What to do> For the records below, copy exactly the span that begins at the line containing "VOLKSWAGEN JETTA image 8" and stops after the line containing "TOYOTA C-HR HYBRID 2018", minus any pictures.

Captioned web image data
________________________________________
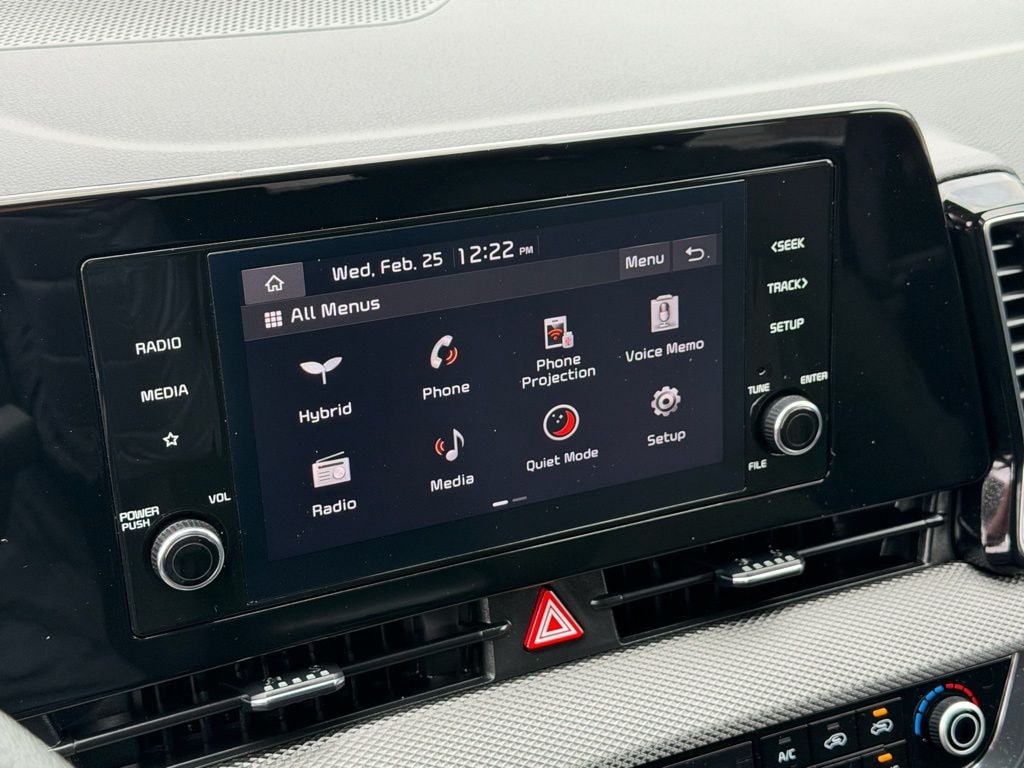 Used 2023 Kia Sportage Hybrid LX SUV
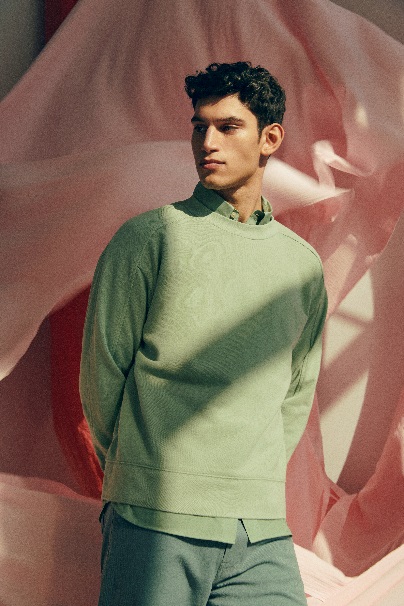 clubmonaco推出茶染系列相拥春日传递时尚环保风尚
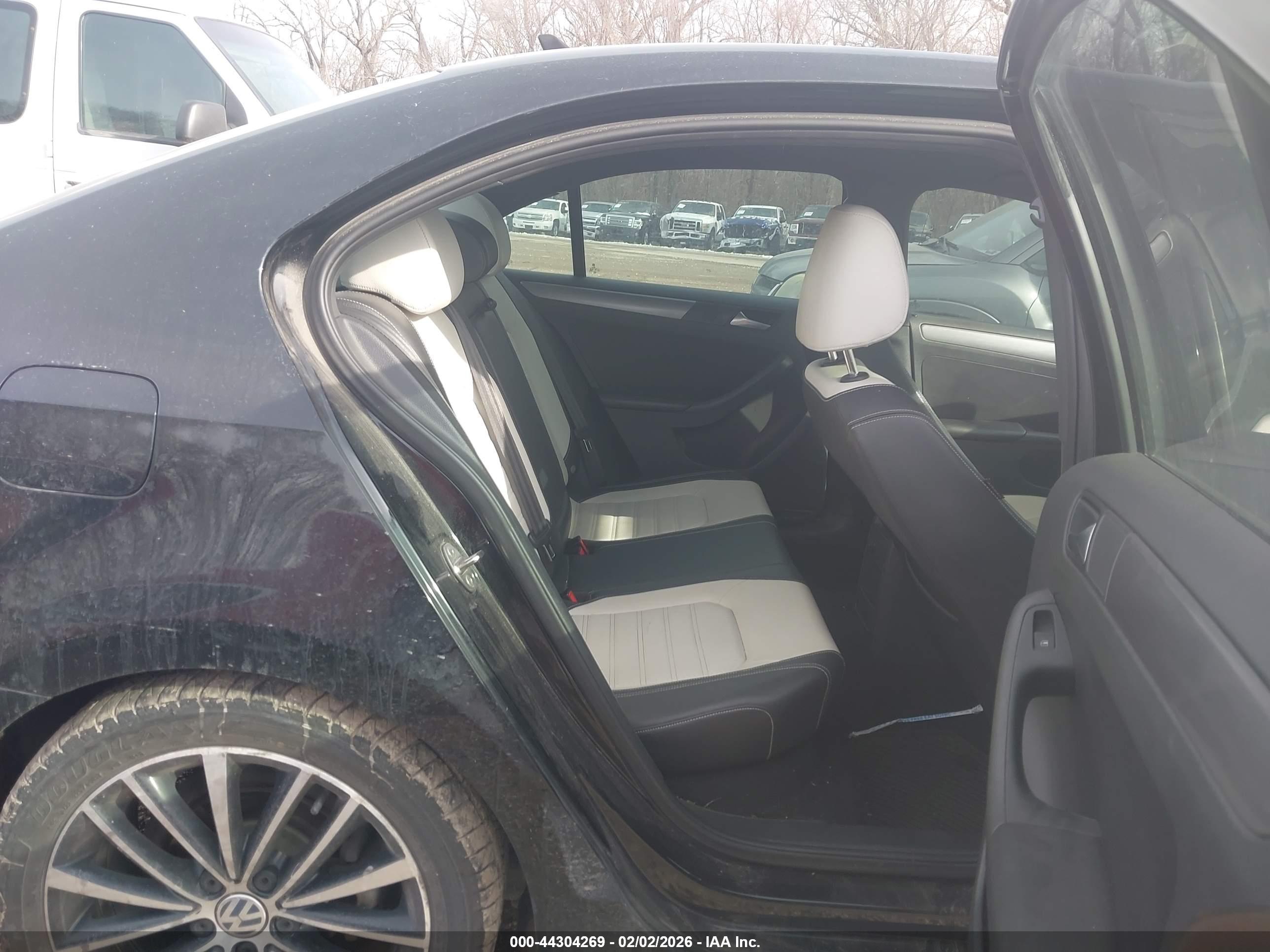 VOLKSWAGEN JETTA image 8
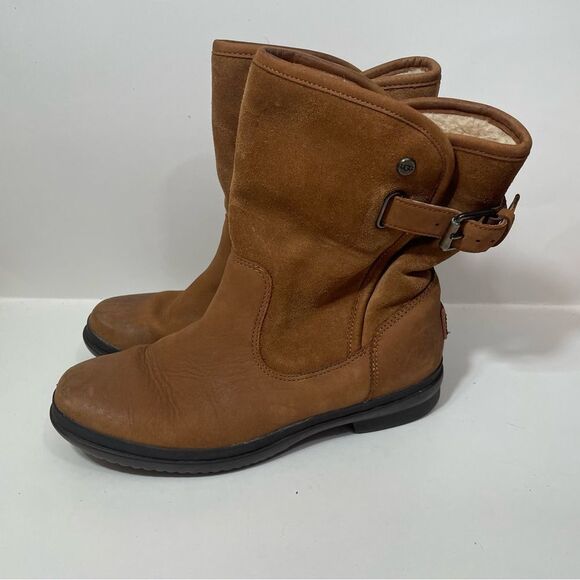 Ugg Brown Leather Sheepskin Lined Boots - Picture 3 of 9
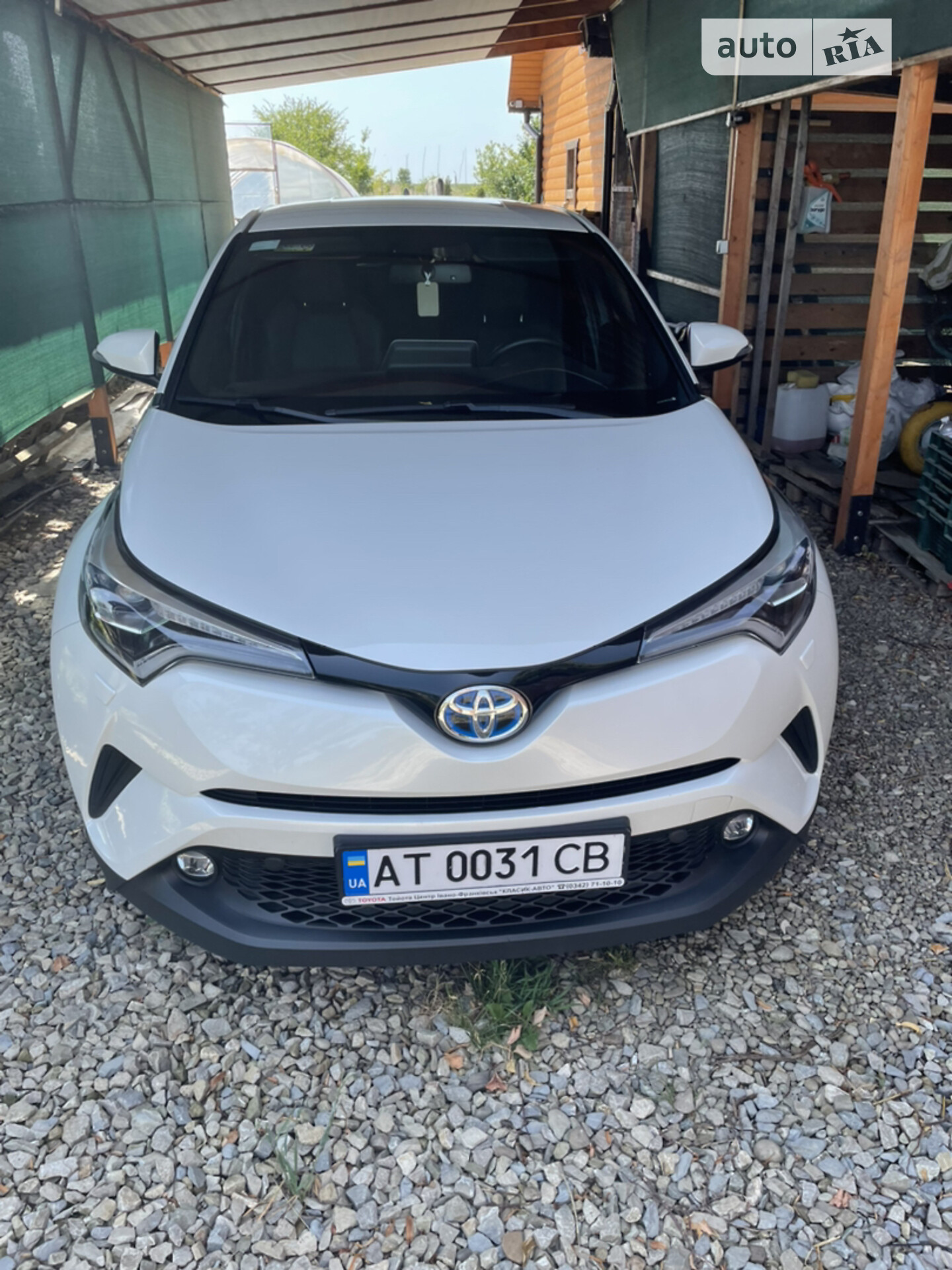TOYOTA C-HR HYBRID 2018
________________________________________
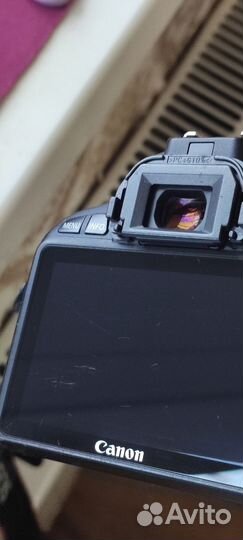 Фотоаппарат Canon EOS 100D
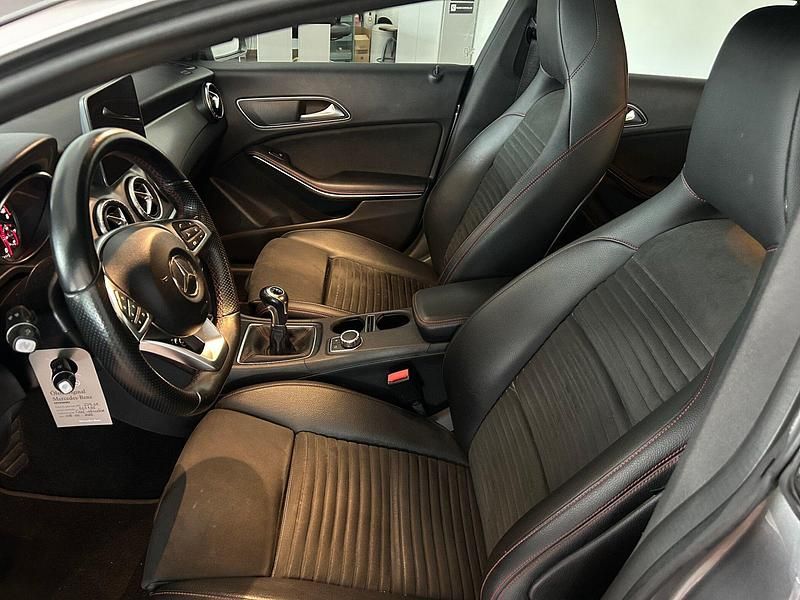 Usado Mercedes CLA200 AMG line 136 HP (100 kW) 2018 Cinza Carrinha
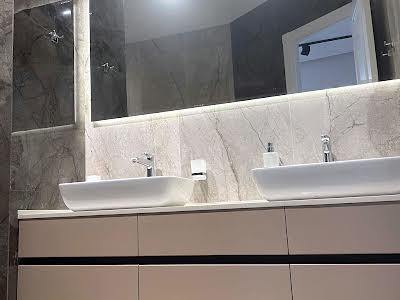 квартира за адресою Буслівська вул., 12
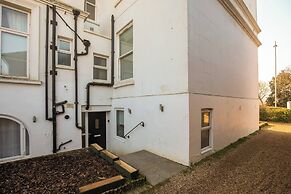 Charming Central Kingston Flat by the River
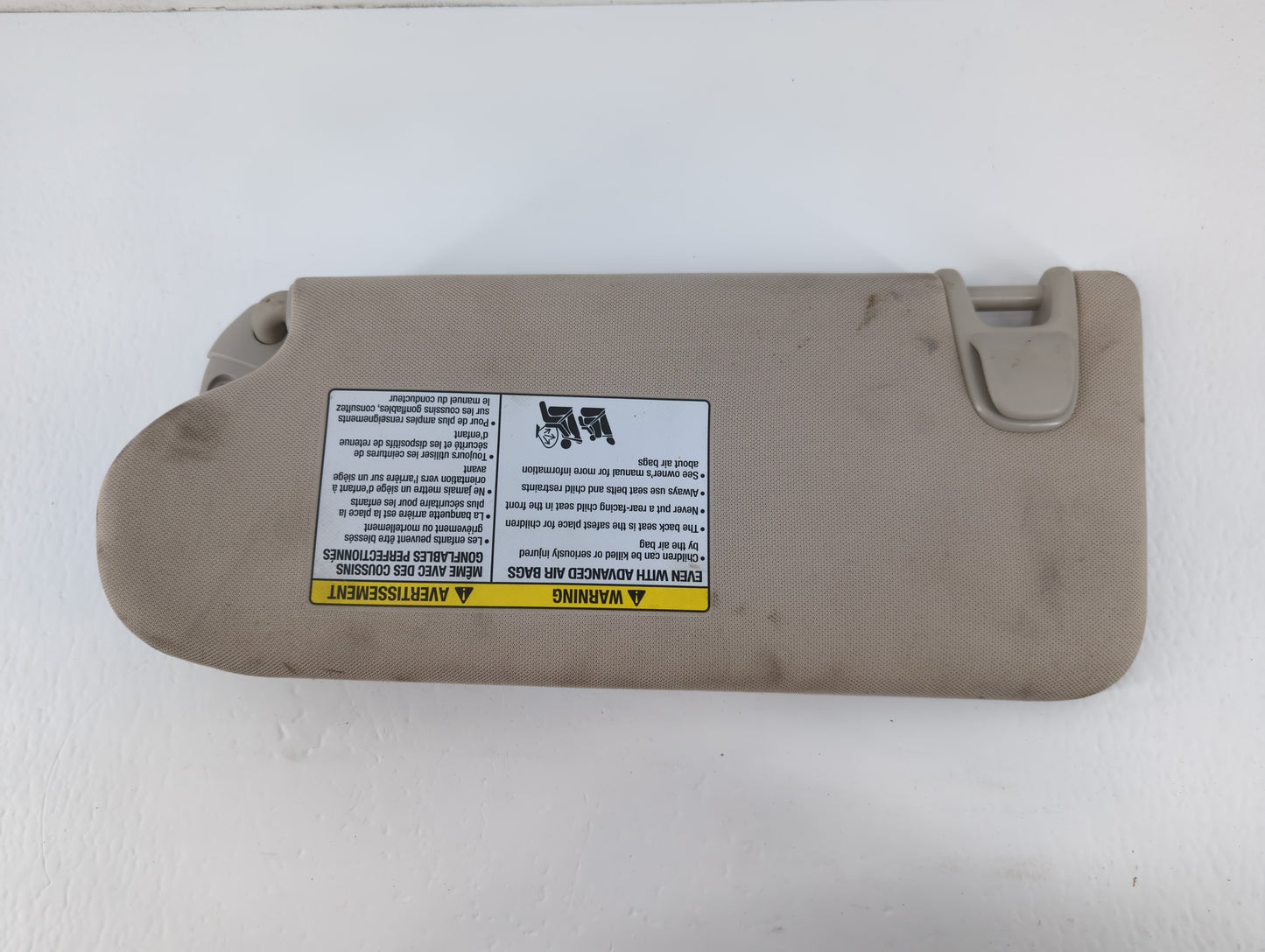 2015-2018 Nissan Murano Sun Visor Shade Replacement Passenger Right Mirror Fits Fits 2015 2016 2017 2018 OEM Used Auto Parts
________________________________________
Exercise result>
 VOLKSWAGEN JETTA image 8
 Ugg Brown Leather Sheepskin Lined Boots - Picture 3 of 9
TOYOTA C-HR HYBRID 2018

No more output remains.